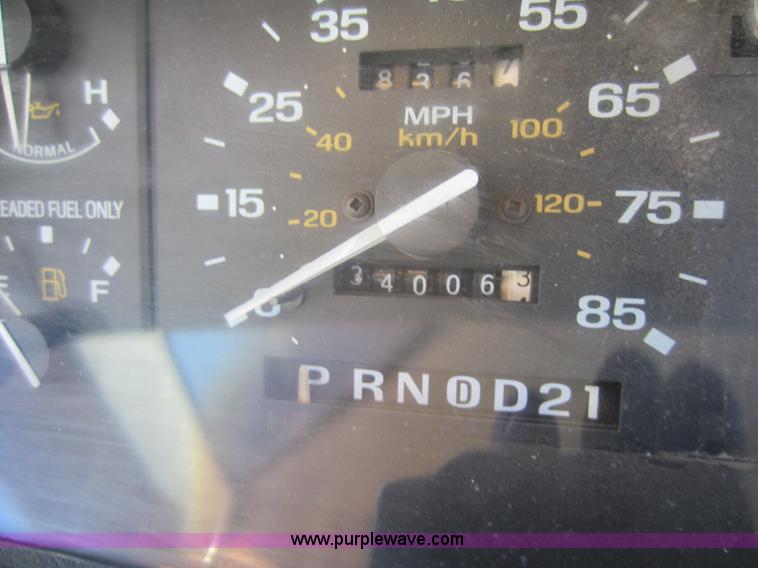 image for item D5677 1991 Ford Explorer SUV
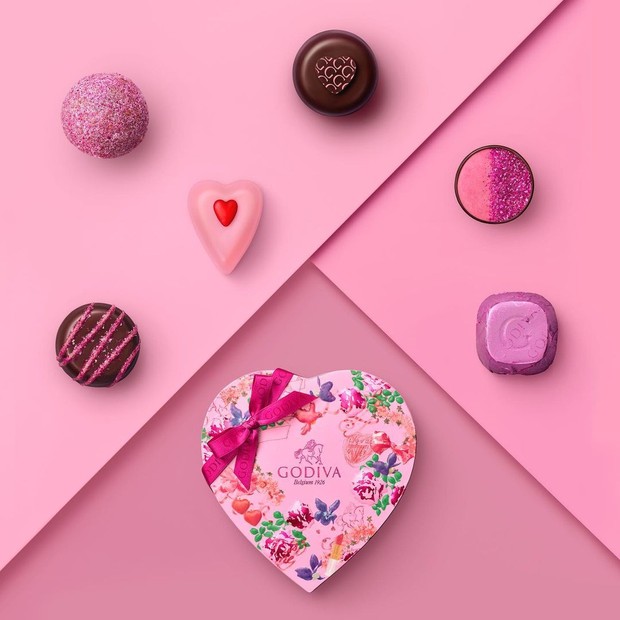 Lee Junho terpilih sebagai model baru merek cokelat Godiva Korea/instagram/godivakorea Brand Godiva Korea yang menunjuk Junho 2PM sebagai model terbaru mereka.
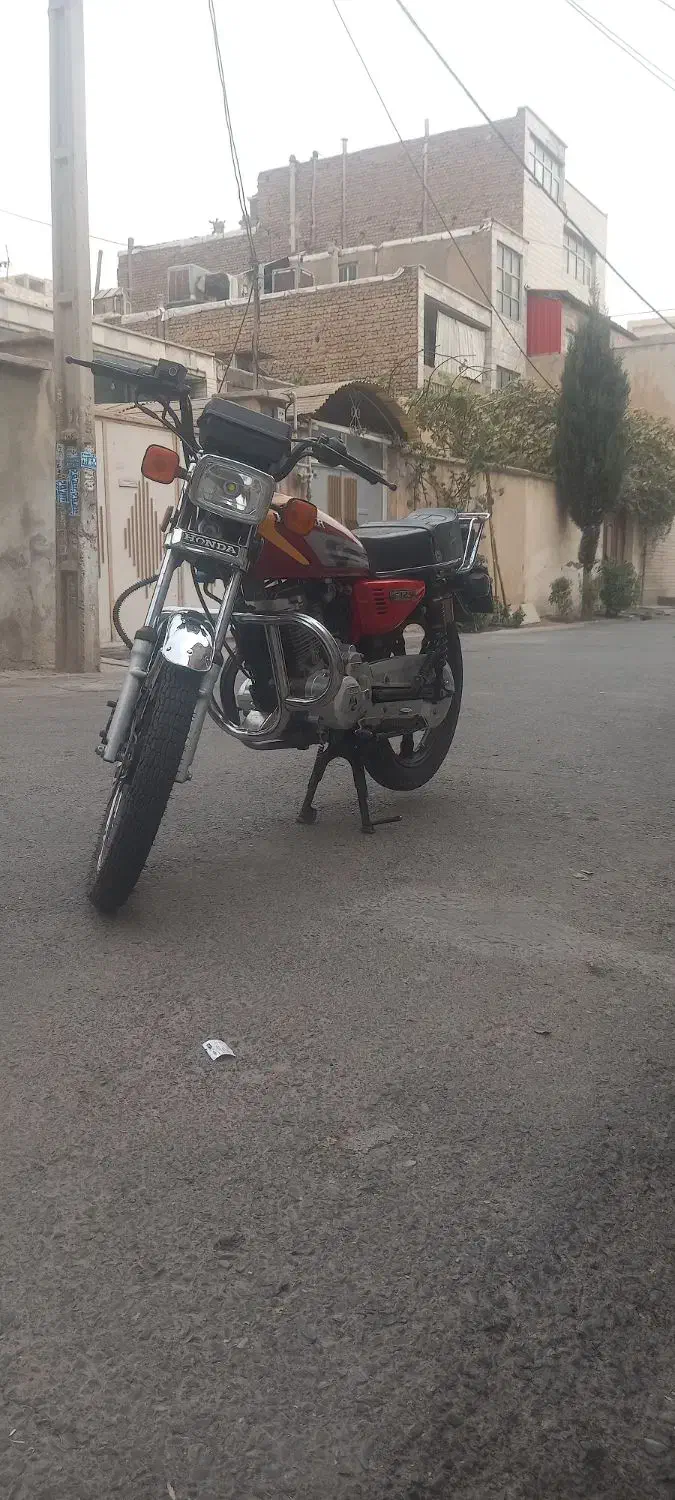 هوندا۲۰۰|موتورسیکلت|کرج, حاجی آباد|دیوار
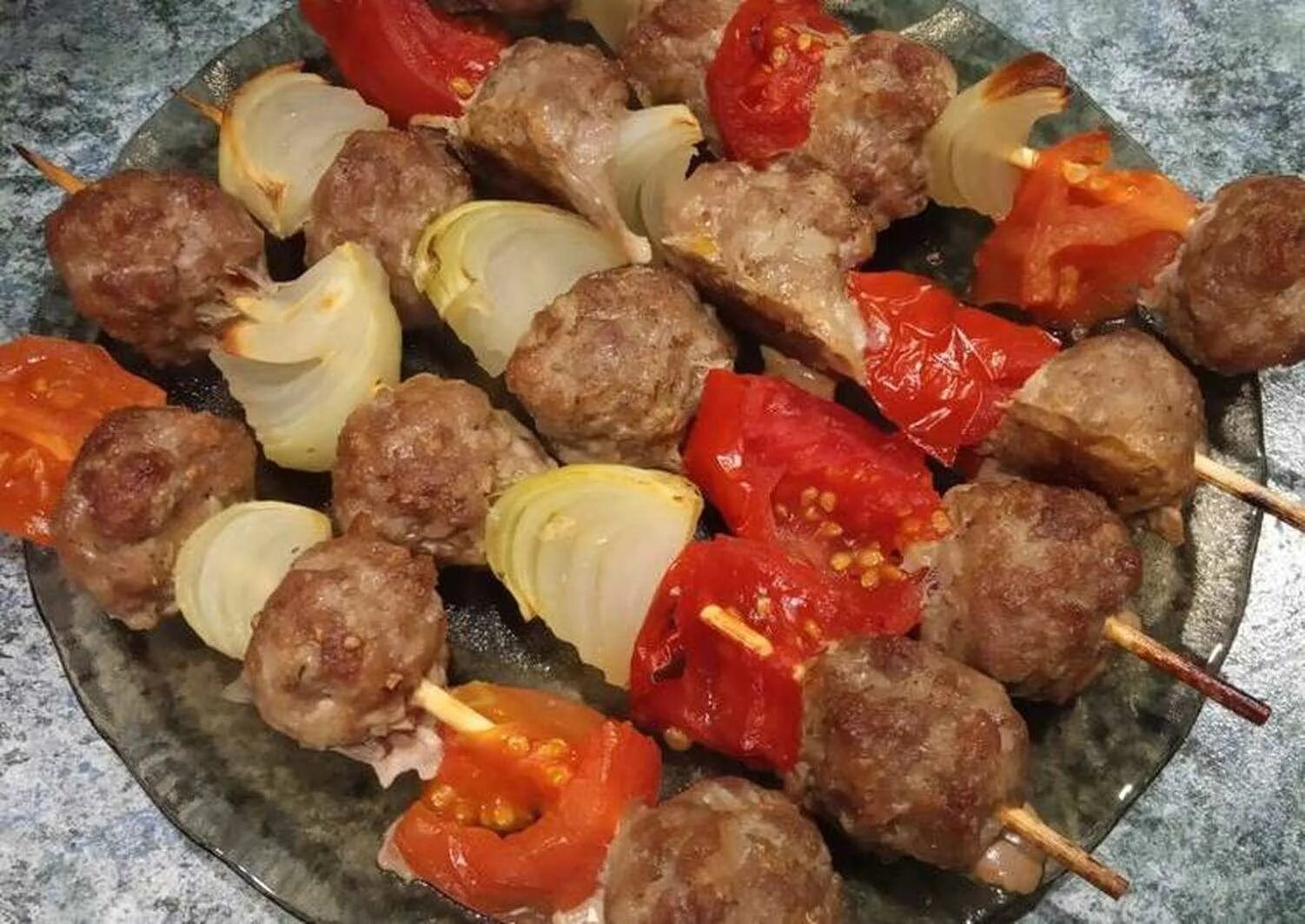 Свинина в духовке шашлык с овощами. Мясо на шпажках в духовке. мясо на шпажках в духовке с овощами. шашлык мясной на шпажках. мясные шашлычки на шпажках в духовке.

WORK TO BE COMPLETED: Could you set down word for word each line from the one holding "Lee Junho terpilih" through the end of the material above, without any pictures?

SOLUTION BELOW:
 Lee Junho terpilih sebagai model baru merek cokelat Godiva Korea/instagram/godivakorea Brand Godiva Korea yang menunjuk Junho 2PM sebagai model terbaru mereka.
 هوندا۲۰۰|موتورسیکلت|کرج, حاجی آباد|دیوار
 Свинина в духовке шашлык с овощами. Мясо на шпажках в духовке. мясо на шпажках в духовке с овощами. шашлык мясной на шпажках. мясные шашлычки на шпажках в духовке.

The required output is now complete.